Around this time, Tarleton and his troops pillaged and started occupying the family plantation, and confined Dorcas Richardson and her children to a single room, and deprived them of all but the bare minimum amount of food needed for them to survive. Despite the dangers imposed by their captors, Richardson still managed to send some of her food to her husband in the swamps every day, aided by an enslaved person owned by the family, who she trusted. She was also able to send a horse before they were all seized by the British soldiers.

When Tarleton received word regarding Richardson Jr.'s escape, he commanded his regiment to search for him in the surrounding Santee swamp area, a fruitless endeavor, made harder by Richardson's efforts to distract them. Meanwhile, Tarleton and his men started trying to intimidate Richardson, often bragging about his supposed fate at their hands, or by faking confirmations of his death, including by forging fake intelligence reports, and by painting swords with cattle blood, boasting that it was the blood of her husband. Richardson largely ignored these tactics, but is credited to have said in one interaction:

"I do not doubt that men who can outrage the feelings of a woman by such threats, are capable of perpetrating any act of treachery and inhumanity towards a brave but unfortunate enemy. But conquer or capture my husband, if you can do so, before you boast the cruelty you mean to mark your savage triumph! And let me tell you, meanwhile, that some of you, it is likely, will be in a condition to implore his mercy, before he will need to supplicate, or deign to accept yours."

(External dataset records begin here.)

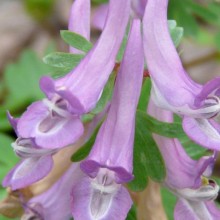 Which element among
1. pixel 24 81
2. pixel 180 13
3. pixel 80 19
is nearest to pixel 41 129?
pixel 80 19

Despite the intimidation, she still continued to provide support and protect her husband, being courageous enough to block soldiers from entering her home by feigning work during one of her husband's few visits, to give him time to escape once more.

Soon after, it was discovered that Richard Richardson Jr. had joined forces with Francis Marion, who was extremely popular with South Carolinian Patriots at the time. Learning this, and realizing he had the best shot at finding Marion, Tarleton almost immediately changed his demeanor and treatment of Richardson, telling her that if she could get her husband to defect from the Continental Army, and reveal the location of Francis Marion, that he would then be awarded by the British promising a pardon, wealth, and promotion within the Royal Army's ranks. Richardson, as before, vehemently refused every offer, and, through his brother, Edward Richardson, who was at the time a British prisoner of war, sent him a message that she was still refusing British demands, and denounced any idea that she and her children were suffering under Tarleton, to give him little reason at all to try and visit the plantation, and risk being captured by British troops.

Richardson continued to aid her husband throughout the rest of the war, even after Tarleton destroyed everything except the buildings on their plantation. After the Revolutionary War ended, Richardson Jr. returned home, and continued his life as a planter, the couple then continued raising their family.

Dorcas Richardson lived to the age of ninety-three, dying in 1834.